Our study has some limitations. First, we did not study whether our habitat imaging models could predict COVID-19 related deaths because we had limited follow up data. In the future, exploring how patterns of COVID-19 infection affect the overall survival and disease progression in cancer patients will help us better manage this high-risk population. Second, though we have enrolled multi-institutional datasets of different populations (general vs. cancer), these initial encouraging findings need to be further validated. Third, given that the COVID-habitat-based features are fundamentally driven by differing microenvironments in infected lung regions, future efforts are needed to explore the biological drivers of the subregions on CT scans.

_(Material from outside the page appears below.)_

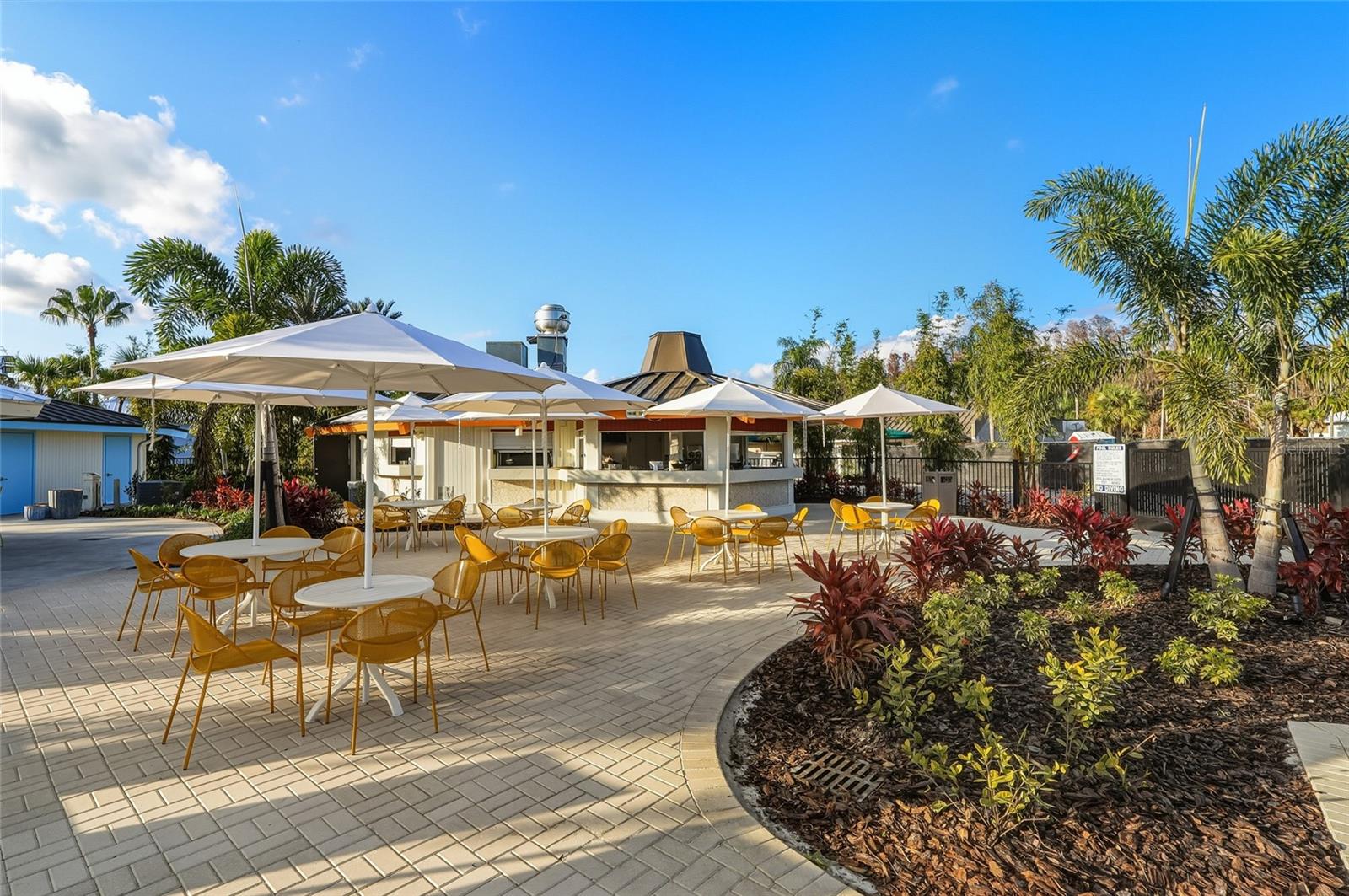 SADDLEBROOK - Residential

In conclusion, we have developed and validated habitat imaging-based CT signatures to diagnose and predict the severity of COVID-19 in cancer and general population. These CT signatures have been developed and validated using data from multiple centers. Thus, the CT signatures showed the potential to help identify cancer patients who may benefit from urgent and intense care. These results warrant further verification in future prospective data to refine such findings and test clinical utility of these imaging biomarkers to manage cancer patients infected with COVID-19.